# Alesana, We Came As Romans, Iwrestledabearonce, Glamour Of The Kill, Paris 2012



## Milky (Sep 26, 2014)

Alesana was headlining at Le Divan du Monde on Monday 16th January 2012, with We Came As Romans, Iwrestledabearonce and Glamour Of The Kill as support.

ALESANA

1






2





All the Alesana photos : Concert Photography | Gallery_Categories | ABSE Photography

WE CAME AS ROMANS

3





4





All the We Came As Romans photos : Concert Photography | Gallery_Categories | ABSE Photography

IWRESTLEDABEARONCE

5





6





All the Iwrestledabearonce photos : Concert Photography | Gallery_Categories | ABSE Photography

GLAMOUR OF THE KILL

7





8





All the Glamour Of The Kill photos : Concert Photography | Gallery_Categories | ABSE Photography


----------



## Uriel (Oct 7, 2014)

The first shot is nice but I thought it would have been even better if the subject's hand didn't make the guy behind look a little headless. I like the second one though I wonder if that shot would look better in portrait instead of landscape - same goes for the fourth one because of the half head under the singer's armpit. The rest of the shots are nicely taken - though I would lean towards numbers 3 and 5 - 8 in terms of what I felt are the possible stand out shots of the bunch. Would've liked to have seen the whole guitar in shot for number 8, especially if it was cropped, but I'm probably nitpicking a wee bit too much here.


----------



## Milky (Oct 7, 2014)

Cheers for the detailed analysis!

Now that you hinted all the issues, they are bugging me indeed! 

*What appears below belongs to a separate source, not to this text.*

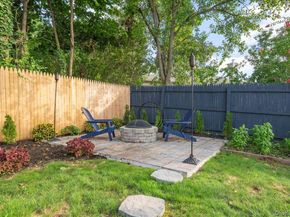 8 Barbara Lane, Jericho NY 11753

I usually try to get whole guitars or instruments but since there is no photograph pit in most of the show I go to, I have to litteraly figth to take photos and sometimes i don't have time needed to compose properly


----------



## Uriel (Oct 7, 2014)

Milky said:


> Cheers for the detailed analysis!
> 
> Now that you hinted all the issues, they are bugging me indeed!
> 
> I usually try to get whole guitars or instruments but since there is no photograph pit in most of the show I go to, I have to litteraly figth to take photos and sometimes i don't have time needed to compose properly



Well, in that case, I think you did really well; I hope you don't think I was too harsh because that wasn't my intent. I should have realised you probably had to fight (if it was a mosh pit you most definitely have my admiration) for those shots. These guys make great subjects though - their facial expressions and showmanship really add to the value of your shots. Some of the issues I mentioned, like the hand making the guy behind look headless, are just plain down to luck though. Maybe your next concert will bring you that good fortune.


----------



## Milky (Oct 7, 2014)

yeah, 90% of the shows I shoot from the moshpit, but I kind of enjoy the 10% where I can shoot peacefully ahah


----------